Palazzo Buontalenti a Pistoia ospita la mostra “’60 Pop Art Italia”, promossa dalla Fondazione Pistoia Musei e dalla Fondazione Caript e curata da Walter Guadagnini, uno dei massimi studiosi italiani della Pop Art. La rassegna si compone di oltre 60 opere di autori italiani, attivi non solo nella capitale, ma anche in altre località significative, quali Milano, Torino, Palermo e la stessa Pistoia; nell’esposizione viene altresì valorizzato il ruolo femminile all’interno della Pop Art, con l’arte di Giosetta Fioroni, Titina Maselli, Laura Grisi, Marisa Busanel e Anna Comba.

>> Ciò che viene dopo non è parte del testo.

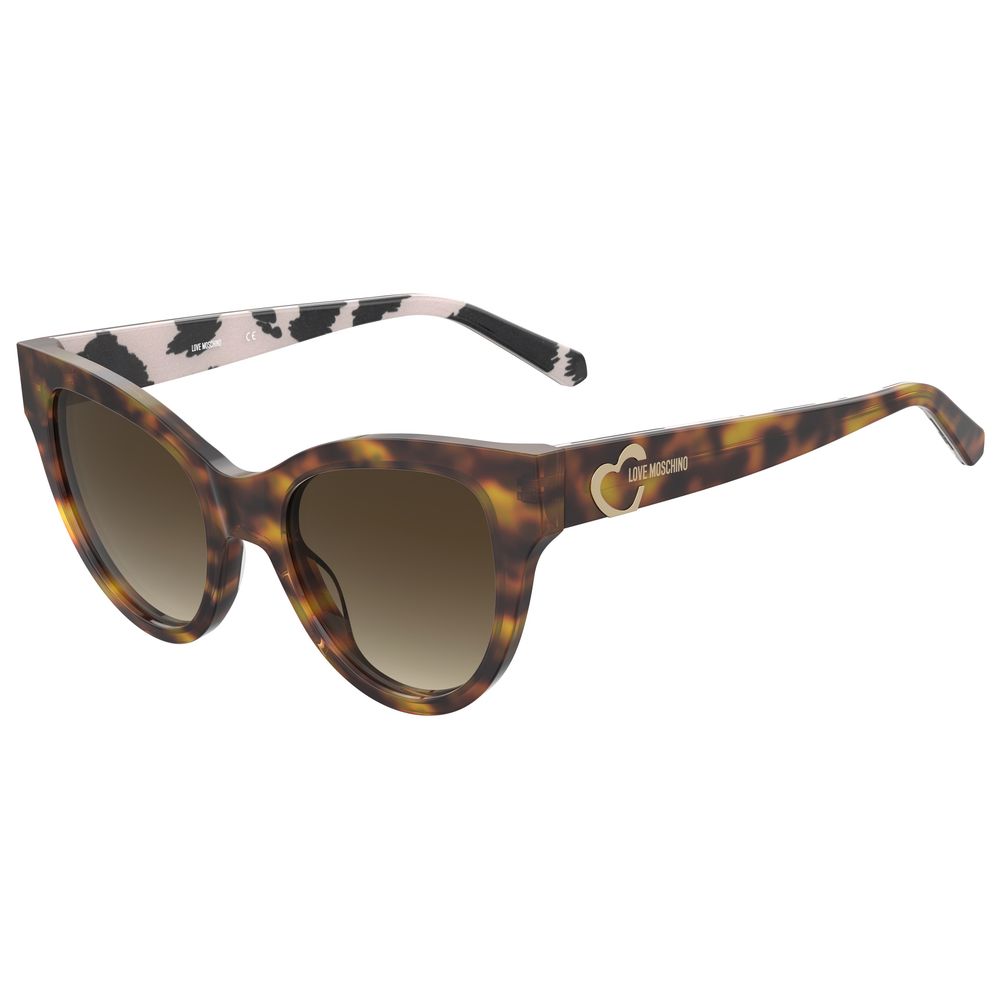 Love Moschino – Braune Sonnenbrille aus Kalbshaar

Il titolo della mostra ha un’accezione ambivalente: “sessanta” non indica soltanto il periodo in cui la Pop Art si è diffusa in Italia, ma anche gli anni passati dalla Biennale di Venezia del 1964, evento cruciale che vide la partecipazione di Jasper Johns, Jim Dine e Claes Oldenburg al padiglione statunitense e il premio a Robert Rauschenberg per la pittura.
Per le città d’Italia, da Venezia a “The End”
L’itinerario della mostra, suddiviso in undici sezioni, attraversa le città italiane più significative per la diffusione della Pop Art: tutto inizia da Venezia con “La Biennale e il mito americano”, in cui si racconta l’esplosione della cultura pop statunitense in Italia, dovuta anche alla spinta propulsiva delle Biennali del 1964 e del 1966; le successive quattro sezioni sono dedicate a Roma e alla Scuola di Piazza del Popolo, con le opere di Mario Schifano, Tano Festa, Giosetta Fioroni e Franco Angeli; dopo aver ammirato le opere della Scuola di Pistoia, composta dal quartetto Roberto Barni, Umberto Buscioni, Adolfo Natalini e Gianni Ruffi, si giunge a Torino, tra la galleria di Gian Enzo Sperone e i “Quadri specchianti” di Michelangelo Pistoletto, per poi passare a Milano e alla Triennale del 1964 (curata da Umberto Eco e da Vittorio Gregotti), con le opere di Enrico Baj, Valerio Adami e Fabio Mauri; agli ambiti di Firenze, Bologna e Genova segue quello di Palermo, dove le opere di Pino Pascali e Mario Ceroli furono esposte insieme a quelle di Gerard Richter; la sezione “The End” chiude con il 1968 la storia della Pop Art italiana, il cui linguaggio perde l’ironia del periodo del “boom economico” e diviene – nel contesto dei movimenti anticapitalistici dell’epoca – esplicitamente politico, come esemplificato dalla salma di Che Guevara raffigurata da Fabio Mauri.
Ritorno agli anni ’60
Cesare Mari di PANSTUDIO architetti associati e Giuseppe Mestrangelo di Light Studio, curatori – rispettivamente – del progetto allestitivo e illuminotecnico, hanno progettato un sistema di luci per riprodurre “artificialmente” la condizione in cui le opere venivano viste negli anni Sessanta, quando l’illuminotecnica non era ancora avanzata e gli ambienti venivano illuminati per lo più dalla luce naturale. Nella mostra anche la progettazione grafica (a cura di Metilene – Design e Comunicazione) ricopre un ruolo di primaria importanza: il percorso espositivo si apre con una linea temporale che evidenzia gli avvenimenti più significativi dal 1960 al 1968, mentre colori diversi distinguono le città che compongono l’itinerario della mostra; numerose fotografie dell’epoca, stampate su grandi formati, contribuiscono a raccontare gli eventi e i personaggi determinanti per lo sviluppo della Pop Art italiana.
Nella sala conclusiva, volta a raccontare “la fine” della Pop Art, colpisce il contrasto tra le opere italiane, sintomatiche dei malumori politici di fine anni Sessanta, e le immagini psichedeliche di The Flowers e Cow di Andy Warhol, dove la critica sociale rimane implicita: il termine di un viaggio appassionante, che induce a ritornare a un passato ancora oggi attuale.